Боцман забожился, уверяя других в своей преданности революции.

А когда я пошел в свою каюту за папиросами, он догнал меня в офицерском коридоре и, высовываясь из-за моего левого плеча, заговорил тихим и осторожным голосом:

— Ваше высокоблагородие, я знаю всех зачинщиков и могу все досконально о них доказать.

Я прошипел свирепо:

— Убирайся к черту! На что мне теперь нужны твои доносы!
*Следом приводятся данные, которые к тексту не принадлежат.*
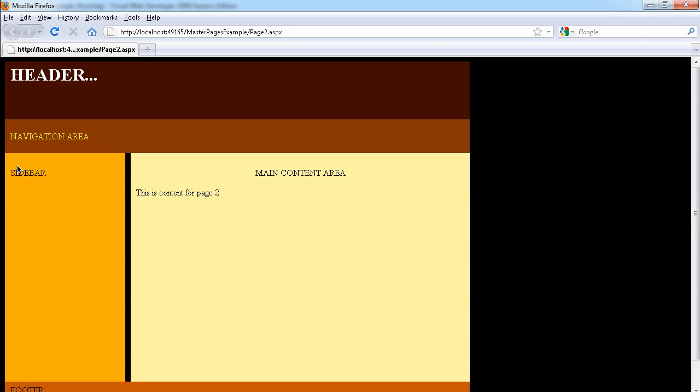You can use the sidebar, maybe to provide extra information to the user, such as any news. You can use it to display the news. You have the footer, the header, and so on. This is why we use the master page in ASP.NET.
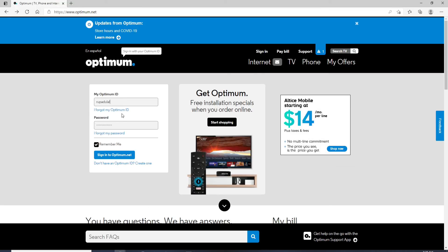After you are done entering your credentials correctly, click on Sign in to Optimum.net button right here and you'll be logged in to Optimum account in no time.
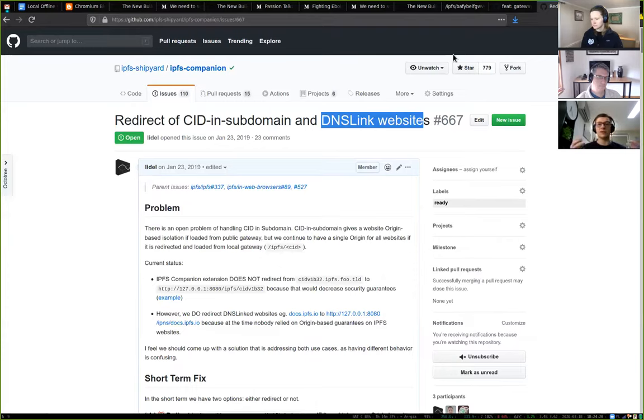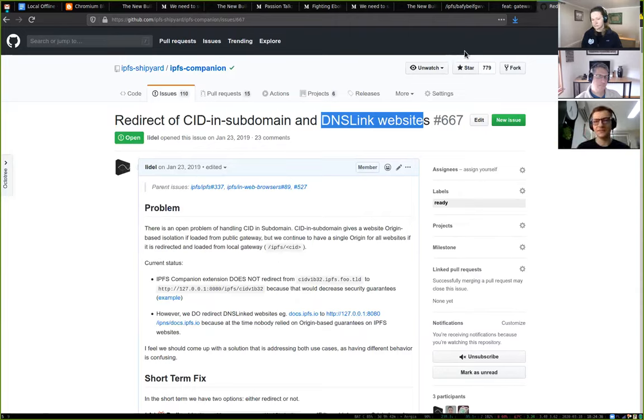Right now, if people use a website backed by DNS link and want to do more than just read text, they usually need to disable the redirect to avoid different security guarantees. The upcoming subdomain gateway support will increase the surface of cases where content can be loaded locally from the local node instead of from arbitrary servers on the internet — which is the added value for offline use cases. There will be a blog post explaining it all.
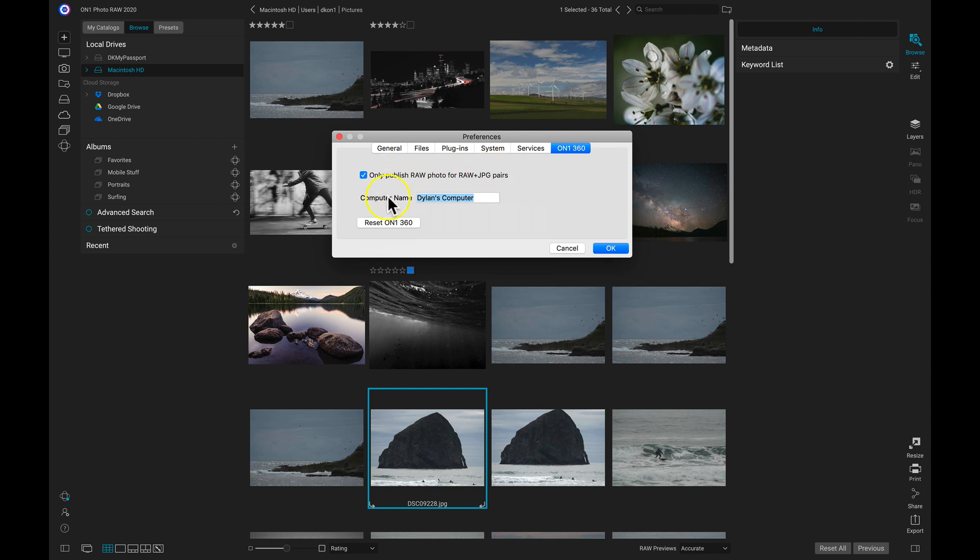We can then modify our computer name and we can name it anything we would like. So just double click in here, delete, and then you can rename it.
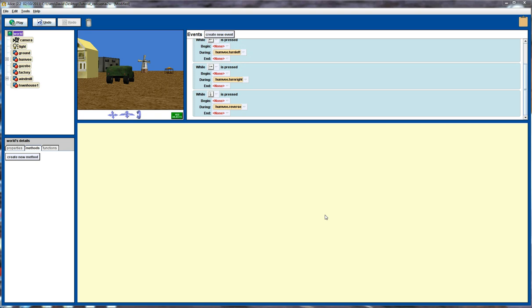Welcome to another Alice tutorial. In this tutorial I want to demonstrate how we can add collision detection into our programs. So let's consider this simple program we've got here. We've got a Humvee and we've got a number of buildings.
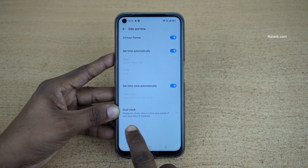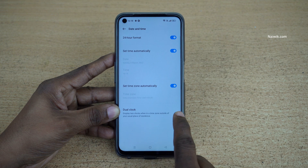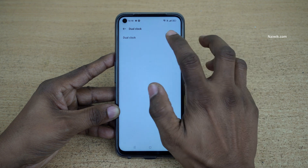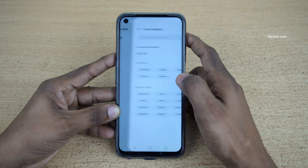Under Date and Time, at the bottom you can see the dual clock option. Click on that and enable the dual clock option, then click on Set.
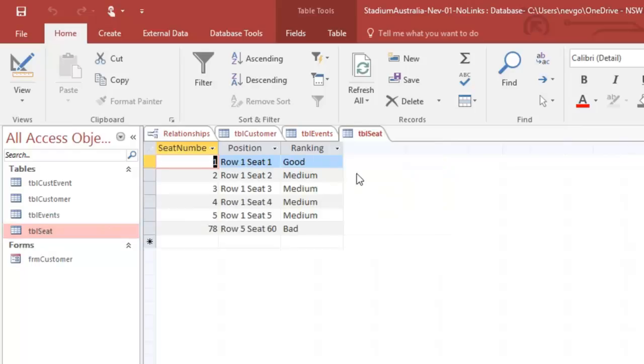In terms of seats, this concert hall has only got six seats. Some of them are good and some are medium and some are rotten.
Он прошмыгнул вперед меня и, согнувшись, быстро пошагал дальше, в помещения команды.

Меня крайне удивило, что в моей каюте ничего не было тронуто и все лежало на месте. Это служило хорошим признаком. Захватив папиросы, я опять отправился в кают-компанию. Мне захотелось видеть, что делается с другими судами. Ссылаясь на головную боль, я попросился у начальника караула выйти на верхнюю палубу, чтобы подышать несколько минут свежим воздухом. Последовало любезное разрешение. Для сопровождения меня назначили одного часового.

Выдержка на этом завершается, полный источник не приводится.